Hi,

On Mon, Jul 20, 2009 at 19:55, Fred Kuipers<[email protected]> wrote:
> Hello all,
>
> I'm attempting to index a large internal website with 6.7 m urls and I'm
> running into a map failure after fetching (for 5+ days):
>
> 2009-07-20 07:09:23,316 INFO  fetcher.Fetcher - -activeThreads=0
> 2009-07-20 07:09:23,806 WARN  mapred.LocalJobRunner - job_local_0005
> org.apache.hadoop.util.DiskChecker$DiskErrorException: Could not find any
> valid local directory for
> taskTracker/jobcache/job_local_0005/attempt_local_0005_m_000000_0/output/file.out
>       at
> org.apache.hadoop.fs.LocalDirAllocator$AllocatorPerContext.getLocalPathForWrite(LocalDirAllocator.java:335)
>       at
> org.apache.hadoop.fs.LocalDirAllocator.getLocalPathForWrite(LocalDirAllocator.java:124)
>       at
> org.apache.hadoop.mapred.MapOutputFile.getOutputFileForWrite(MapOutputFile.java:61)
>       at
> org.apache.hadoop.mapred.MapTask$MapOutputBuffer.mergeParts(MapTask.java:1209)
>       at
> org.apache.hadoop.mapred.MapTask$MapOutputBuffer.flush(MapTask.java:867)

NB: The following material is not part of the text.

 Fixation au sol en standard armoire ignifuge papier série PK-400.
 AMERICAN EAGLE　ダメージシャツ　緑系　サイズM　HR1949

>       at org.apache.hadoop.mapred.MapTask.run(MapTask.java:343)
>       at
> org.apache.hadoop.mapred.LocalJobRunner$Job.run(LocalJobRunner.java:138)
>
> hadoop-site.xml:
>
> <?xml version="1.0"?>
> <?xml-stylesheet type="text/xsl" href="configuration.xsl"?>
>
> <!-- Put site-specific property overrides in this file. -->
>
> <configuration>
> <!--
> We need LOTS of memory... And we need to disable the gc overhead limit, per
> this page:
> http://java.sun.com/javase/technologies/hotspot/gc/gc_tuning_6.html#par_gc.oom
> -->
> <property>
>  <name>mapred.child.java.opts</name>
>  <value>-Xmx4096m -XX:-UseGCOverheadLimit</value>
> </property>
>
> </configuration>
>
> nutch-site.xml (excluding http.agent directives for brevity):
>
> <?xml version="1.0"?>
> <?xml-stylesheet type="text/xsl" href="configuration.xsl"?>
>
> <!-- Put site-specific property overrides in this file. -->
>
> <!-- http.agent properties excluded -->
>
> <property>
>  <name>http.timeout</name>
>  <value>20000</value>
>  <description>The default network timeout, in milliseconds.</description>
> </property>
>
> <property>
>  <name>fetcher.threads.fetch</name>
>  <value>20</value>
>  <description>The number of FetcherThreads the fetcher should use.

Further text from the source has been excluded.